The organization of the roots, ganglia and peripheral distribution of the rami of the cranial nerves of larval and juvenile Senegal bichirs was examined with a wide range of techniques, including gross dissection and histological preparations. The profundal nerve of bichirs is completely separate from the trigeminal nerve and innervates the skin overlying the orbit and snout, and there is no evidence that a superficial ophthalmic ramus of the trigeminal nerve exists.

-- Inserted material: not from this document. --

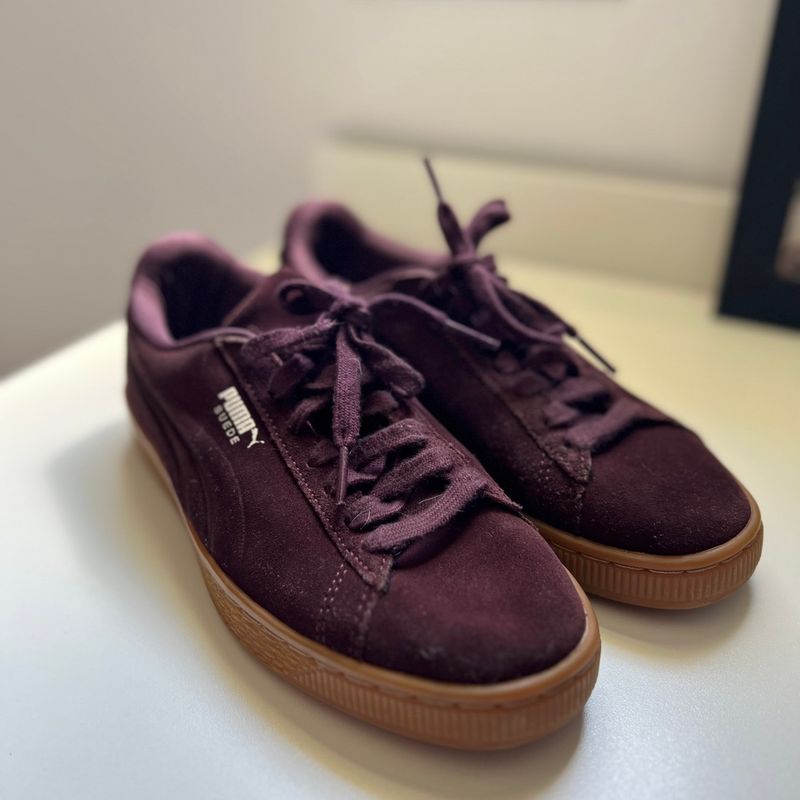 Puma hot sale suede vinho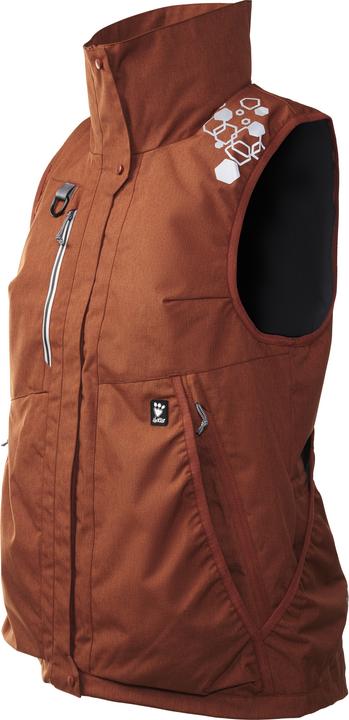 Actual product image Hurtta Training vest ECO, XXL, cinnamon (XXL, Dog vest)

Bichirs appear to retain all six pairs of lateral line nerves that characterized the earliest gnathostomes, but the sensory ganglia of the anterodorsal and otic lateral line nerves have fused, and the sensory ganglia of the anterodorsal and anteroventral lateral line nerves are partially fused, which appears to be a shared derived character of ray-finned fishes. The anteroventral lateral line nerve of bichirs retains mandibular and opercular rami, a primitive feature shared with other bony fishes, and the fibers of the opercular ramus innervate all postotic ampullary organs. Surprizingly, bichirs, unlike most nonteleost bony fishes, have lost the spiracular organ. The lateral ramus of the posterior lateral line nerve of bichirs is divided into a pars dorsalis and a pars ventralis, which appears to be a shared derived character of bony fishes. The glossopharyngeal and vagal nerves of bichirs exhibit lateral and medial sensory ganglia, and this appears to be a shared derived character of bony fishes. The posttrematic rami of the glossopharyngeal nerve and both the pre- and posttrematic rami of the vagal nerve of bichirs are divided, which appears to be a shared derived feature of bony fishes. The hypobranchial nerve of bichirs is unusual in that it is formed by only two spinal nerves, a pattern also seen in gars, but not other bony fishes, and apparently a uniquely derived character.

PMID:
8866706
[PubMed - indexed for MEDLINE]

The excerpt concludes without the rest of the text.